- Title: Tevu'ot Shor

Personal life
- Born: Ephraim Zalman Shor c. 1550 Pošná, Kingdom of Bohemia
- Died: 2 October 1633 (1 Tishrei 5424) Lublin, Polish–Lithuanian Commonwealth
- Buried: Lviv
- Spouse: Hanna Henele Wahl Katzenallenbogen
- Children: Jacob Shor, Rachel Shor, Zemach Shor, Hesa Shor, Yehuda Shor, Margella Shor
- Parents: Naftali Zvi Hirsch Shor (father); Rivka Shachna (mother);
- Dynasty: Shor

Religious life
- Religion: Judaism
- Main work: Tevu'ot Shor
- Dynasty: Shor

= Ephraim Zalman Shor =

Czech rabbi

Ephraim Zalman Shor (Hebrew: אפרים זלמן שור; c. 1550 – 2 October 1633) was a 16th-century Czech rabbi who is best known for his rabbinic work on kashrut and the proper ritual slaughter of animals called Tevu'ot Shor.

== Biography ==
Ephraim Shor was born c. 1550 in Pošná, Kingdom of Bohemia.

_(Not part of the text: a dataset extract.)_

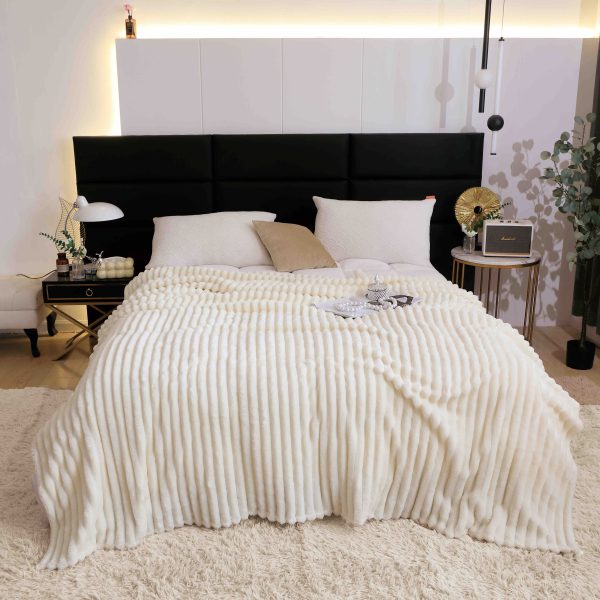 Pătură Cocolino Pufoasă cu Dungi – 200×230 cm, 100% Poliester, Model Uni Glorio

His father Rabbi Naftali Zvi Hirsch Shor claimed to be a paternal descendant of Joseph ben Isaac Bekhor Shor, and a maternal descendant of Rashi. His mother Rivka Shachna was the daughter of Shalom Shachna. In his early years Ephraim learnt Halakah under the supervision of his father. He married Hanna Wahl Katzenallenbogen who was the daughter of the alleged "1 day King of Poland", Rabbi Saul Wahl Katzenellenbogen. In his mid thirties Ephraim moved to Lublin where he acted as the cities Chief Rabbi. Around 1600 he wrote his magnum opus Tevu'ot Shor which dealt with laws of kashrut and the proper halakhic ritual slaughter of animals. Ephraim died on 2 October 1663 in Lublin, and was buried in Lviv, Ukraine. His descendants would go on to occupy several prominent roles in Eastern European Jewry.